Race factor increased tension of Haiti situation



WASHINGTON -- The unspoken element in the complex political equation of the Haiti issue is race.

President Clinton and his advisers in the White House are well aware of it, and so are those critics in Congress who resisted an invasion. But it is not an issue white politicians feel free to discuss publicly because it involves saying out loud what so many of them know to be true -- that there is a strong strain of racial resentment among whites in the American electorate today.

The Haiti question is by no means the only one on which this attitude toward blacks is a factor. It is clearly important, for example, in any discussions of welfare reform, immigration and street crime.

Clinton showed his understanding of the racial attitudes during his campaign for president two years ago. He carefully avoided situations in which he would seem to be playing the traditional Democratic liberal appealing for black support. When he appeared at rallies with blacks, for example, he always seemed to do it as part of a campaign schedule for the day on which there would be some other event more likely to beguile the television networks.

Candidate Clinton also took two actions that sent a message to whites among whom suspicion of blacks is most pervasive -- working-class Democrats who supported Ronald Reagan and George Bush in the 1980s.

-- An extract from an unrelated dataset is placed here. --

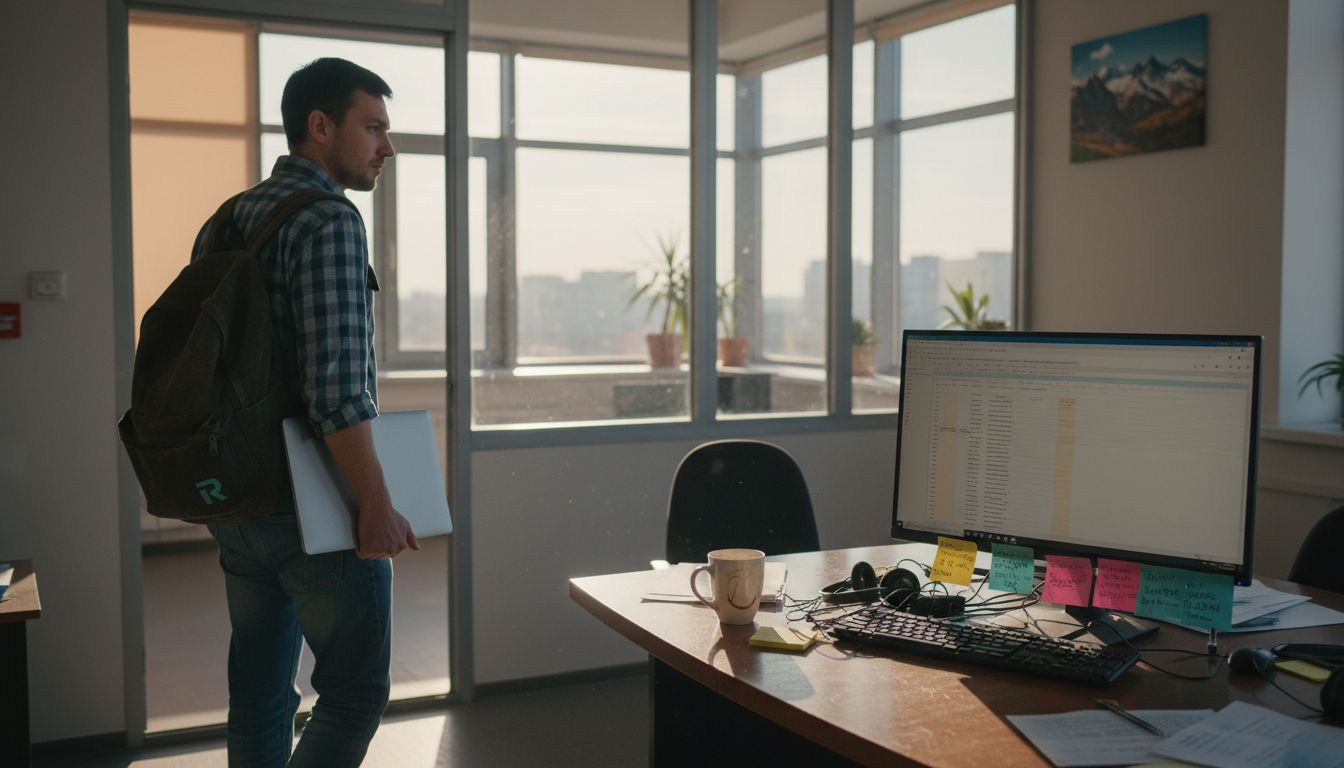 Почему уходят IT-специалисты – Вызовы для бизнеса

The first was candidate Clinton's emphasis on welfare reform and the need for greater "responsibility" on the part of recipients -- a message many whites and blacks alike saw as directed primarily at blacks. The second, and politically most important, was his decision to deliberately distance himself from Jesse Jackson, the most prominent spokesman for poor black people and a black leader widely viewed within the political community as a burden for the Democrats. Clinton got away with the strategy because he had strong backing from other prominent black leaders for whom getting a Democrat into the White House was the overriding priority.

The race question is particularly obvious in the issue of whether to invade Haiti because the most prominent supporters of a hard line have been chairman Kweisi Mfume and most, although not all, members of the Congressional Black Caucus.

This does not suggest that voters' resistance to an invasion is based solely on the fact that the people in peril in Haiti are blacks. There was also strong opposition to any major United States role in Bosnia when that possibility arose last year and was quickly put aside.

The opinion polls consistently find a clear current of isolationism in the electorate these days that has been heightened by economic concerns and the crime problem. The message is plain that voters are simply unwilling to risk American lives in foreign interventions unless there is some obvious and direct threat to the United States, a case that was difficult for the president to make about the Haiti situation.

In some cases in the past, public opinion has been swayed markedly by the television coverage of black people living in horrific conditions that obviously needed someone's attention. That was the case, for example, during the famine in Somalia more than three years ago. But the situation in Somalia now, despite all the U.S. and United Nations efforts, is not a great improvement over what it was before those efforts were made. The starvation is less widespread but the warlords are still in charge. Opinion on that adventure turned quickly sour when the networks showed pictures of the body of an American soldier being dragged through the streets of Mogadishu.

The crisis in Haiti is quite different but has enough superficial similarities to that in Somalia to have made it appear foolish to intervene.

As a practical political matter, the president was left with few realistic alternatives. To back away would have invited ridicule and hardened the picture of Clinton as weak and vacillating.

So the president rolled the dice and perhaps bet his political future on the ability of either his emissaries or the military to remove the generals. The race factor simply increased the pressure.